» **WORK INSTRUCTIONS**
Write out exactly, and only, the lines below from the line with "four colorful dragonflys laying on the grass" through the line with "Mama Wren - Domestic"; pictures do not belong in the copy.

» **INPUT**
╔══

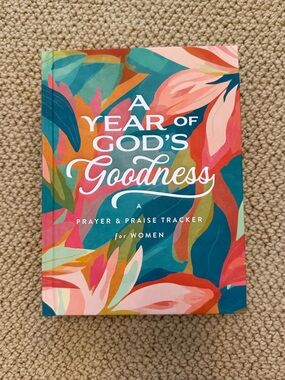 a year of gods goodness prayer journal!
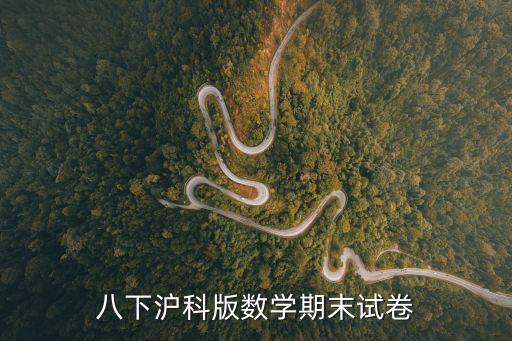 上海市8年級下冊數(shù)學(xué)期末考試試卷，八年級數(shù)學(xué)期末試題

╚══
╔══

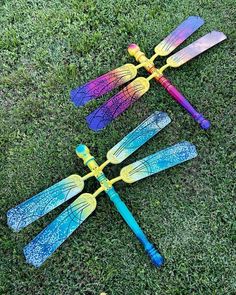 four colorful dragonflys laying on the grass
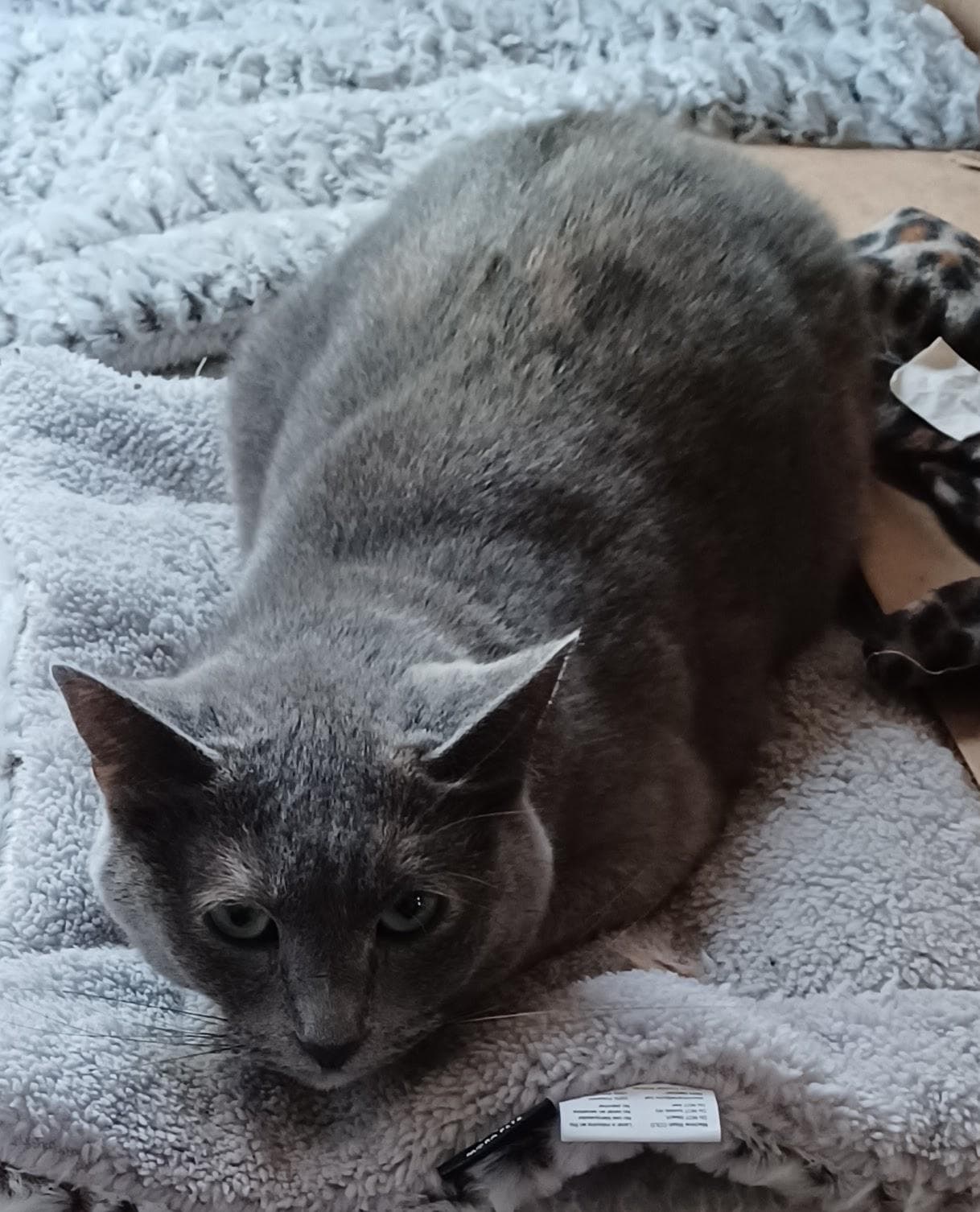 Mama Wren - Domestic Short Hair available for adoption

╚══
╔══

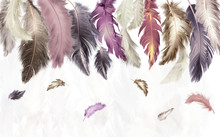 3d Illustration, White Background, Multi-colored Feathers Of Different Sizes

╚══

» **THE ANSWER**
 four colorful dragonflys laying on the grass
 Mama Wren - Domestic Short Hair available for adoption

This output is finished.